Written By: - Date published: 6:00 am, October 4th, 2010 - 41 comments
Categories: open mike - Tags:

Open mike is your post.

It’s open for discussing topics of interest, making announcements, general discussion, whatever you choose.

Comment on whatever takes your fancy.

The usual good behaviour rules apply (see the link to Policy in the banner).

Step right up to the mike…

41 comments on “Open mike 04/10/2010 ”

  1. ZeeBop 1

    With GST clearly cropping the poorest the most, since they inevitable have
    to spend more of their income hand to mouth (and now pay for the tax cuts
    to the rich because National borrowed the money).

    And with the huge student debt on would be middle class citizens.

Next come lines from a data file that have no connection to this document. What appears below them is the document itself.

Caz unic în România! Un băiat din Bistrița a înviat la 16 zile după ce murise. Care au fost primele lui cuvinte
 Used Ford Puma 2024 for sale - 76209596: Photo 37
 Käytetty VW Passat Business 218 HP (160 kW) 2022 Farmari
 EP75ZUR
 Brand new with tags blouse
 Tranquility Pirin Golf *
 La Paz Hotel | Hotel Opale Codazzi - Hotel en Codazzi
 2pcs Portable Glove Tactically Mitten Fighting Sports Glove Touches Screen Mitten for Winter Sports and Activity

    I was wondering, for fairness and balance, if we progressively tax
    the working poor, and the middle classes, why we don’t also have
    a tax on the wealth holders, a capital gains tax?

    Since the primary purpose of taxation is to pay for government,
    why should some get off paying their dues, and since the
    argument goes that student will earn more so should pay for
    their own education, then doesn’t it follow that the capital
    rich who profit from a working government also pay more???

    Am I missing something? Share the pain of taxation.

    • Vicky32 1.1

      I have always thought that a capital gains tax would be a brilliant idea! I don’t know why it can’t be done (if in fact it can’t) – and it should be done, IMO!

  2. or a capital tax (rather than just capital gains). Gareth Morgan’s big kahuna proposal has my support.

    • The Chairman 2.1

      There are dangers putting in place a high Comprehensive Capital Tax.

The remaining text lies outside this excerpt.